Custom Lighting

[Melvang]

So I have an idea for lighting my keyboard, and have some questions.

Basically what I am wanting to do is use an LED under my Esc key and CCFL bulbs for the keyboard for the chassis (pics will be provided when finished).  Now what I want to do with this is have the Esc LED function as my HDD LED (I have already done this) and the chassis lighting stay steady.  But when holding the Function key down have the roles reverse.  Is this possible to do with hardware alone?

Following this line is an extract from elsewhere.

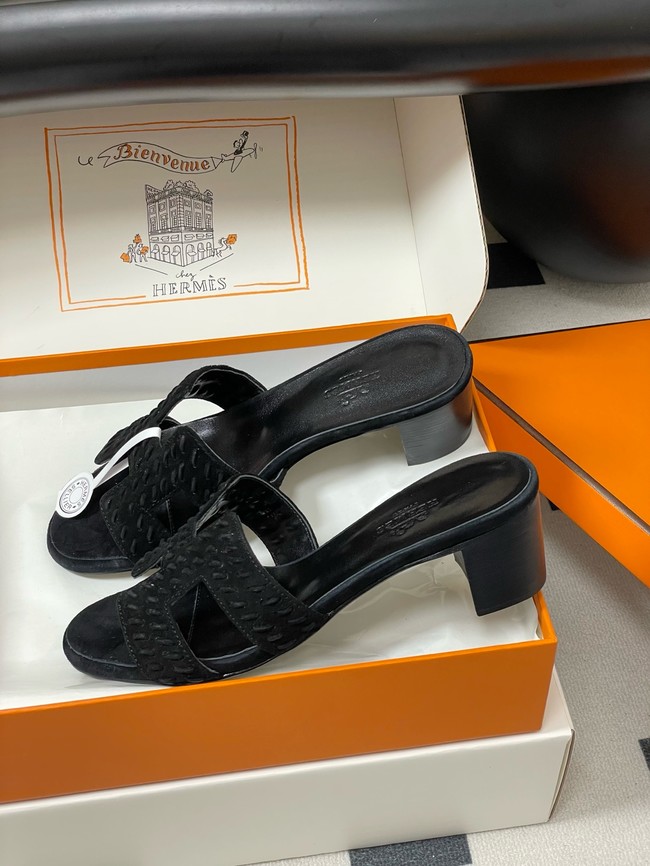 Hermes Slippers 45100-1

I know that the HDD LED voltage is way to low for the CCFL's.  Any ideas on how to accomplish this?  My Function switch is going to be a panel mount toggle switch if this helps.  I have not purchased yet so if i needs to be DPDT i can get that.  If this is possible what else would I need to purchase to get this to work (relays etc.)?  If it helps the HDD LED is in the 3.2 volt range.

[Photoelectric]

Why CCFLs, if you don't mind me asking?  Why not more LEDs?  (and I did not realize you can have them in small sizes).

[Melvang]

Why CCFLs, if you don't mind me asking?  Why not more LEDs?  (and I did not realize you can have them in small sizes).

The extra heat generated here is negligible in this application.  And yeah I have seen CCFL's in 15", 12" (this being most common), I think I have seen 8", 6" and 4".

[Neebio]

You want to use a couple relays, driven by the HDD LED signal and the FN key signal.  You'll want Solid State relays (or else the keyboard will be noisy from the relays clicking), and you'll want to make sure they can be switched by the power being put out by the HDD LED/FN key signal (probably around 3-5 volts).  You'll also need to make sure the relays (especially for the CCFL side of things) can handle the voltage and current that the CCFLs will pull.  I put together a hardware implementation of what you're asking below.  I'm using the relays to complete the circuit to ground, but you can reverse it and use the relays to complete the circuit to +V if you want, it shouldn't make a difference.

Hardware implementation:


The behaviour of this circuit is such that when both sources are off (no key press, no activity on HDD), the Normally OFF relays for the LED prevent the LED from having a complete circuit to ground: LED OFF.  The Normally ON relay for the CCFL(s) ensures there is ALWAYS a completed circuit to ground if the FN key is NOT pressed: CCFL(s) ON. The LED will still turn on if there is HDD Activity.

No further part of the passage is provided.